Tendo apontado estas diferenças entre os conceitos, a tese defendida logo em seguida é que a “subjetividade neurótica” teve o acesso ao “feminino” impedido pela castração, fato que seria muito comum no século XIX, este não seria mais o caso hoje (ou pelo menos caminharíamos para uma diminuição disto): atualmente os “pais em geral são amorosos com os filhos e as proibições são realizadas, o mais possível, de forma delicada, carinhosa e sensível” (ARMONY, 2013, p. 233). Nesta nova maneira de educar os filhos, o acesso às “características femininas” não seria mais reprimido, o que explicaria as mudanças nos sujeitos.

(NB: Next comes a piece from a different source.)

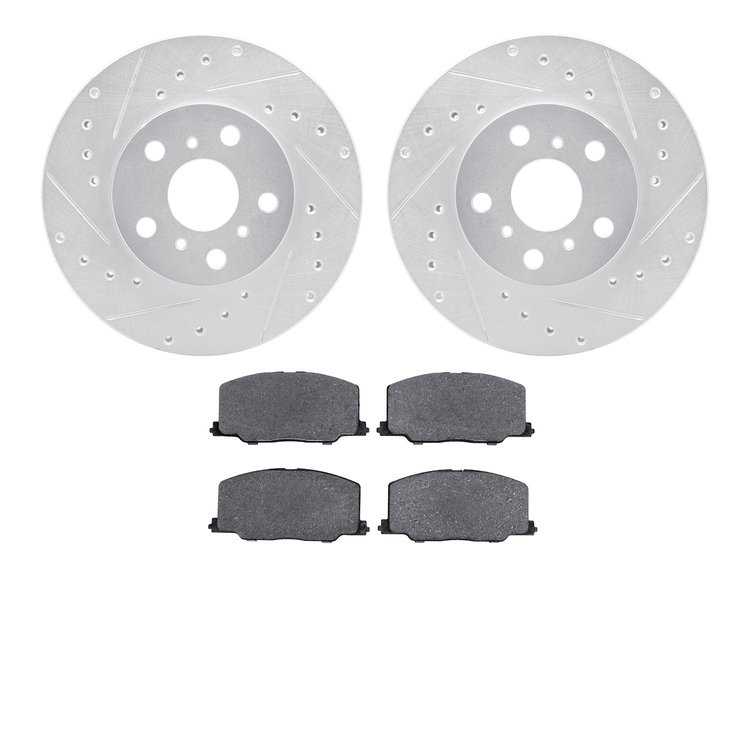 7502-76028 Drilled/Slotted Brake Rotors w/5000 Advanced Brake Pads Kit [Silver], 1988-1993 Lexus/Toyota/Scion, Position: Front
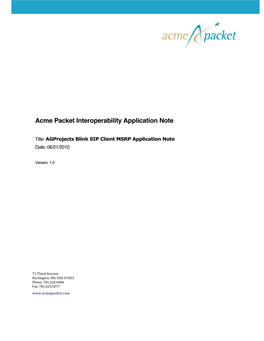 Agprojects Blink SIP Client MSRP Application Note V1.0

Mais adiante no capítulo Armony trará o que compreende ser a “família patriarcal prototípica do período vitoriano”, “composta por uma mãe suficientemente boa e por um pai que impunha, a qualquer custo, com a aquiescência da mãe, as leis da casa; isto incluía a ação de castração na época apropriada” (ARMONY, 2013, p. 236). Sendo este o caso, “o resultado era o provável desenvolvimento de um neurótico normal”, já a “combinação de uma mãe insuficientemente boa com um pai autocrático tenderia a produzir uma dissociação entre psique e mente e, portanto, um borderline falso self” (ARMONY, 2013, p. 236). Caso não ocorra uma “intervenção súbita e brutal de um pai edípico” teríamos dois caminhos: se a mãe for “insuficientemente boa”, “a identificação da criança com o materno será de má qualidade e mais tarde buscará em primeira instancia uma personificação de mãe (ou de pai) para com ela realizar uma relação anaclítica na tentativa de suprir as deficiências de origem”; se no caso de uma mãe “suficientemente boa”, esta “tendo fornecido um solo identificatório materno seguro, permite às valências identificatórias abertas voltarem-se mais para os aconteceres externos, acompanhando o devir dos acontecimentos e afastando-se das relações anaclíticas” (ARMONY, 2013, p. 237).

Este último caso seria o horizonte para o qual estaríamos caminhando, segundo Armony, um mundo de sujeitos que teriam tido “uma mãe suficientemente boa possibilitando-lhe a internalização de valores femininos que persistem na vida adulta, não por se defrontarem com a castração paterna, mas sim com a colocação graduada de limites tanto do pai quando da mãe, ambos realizando uma mesma tarefa que poderíamos chamar de masculina” (ARMONY, 2013, p. 237). Este seria, cada vez mais, o sujeito contemporâneo.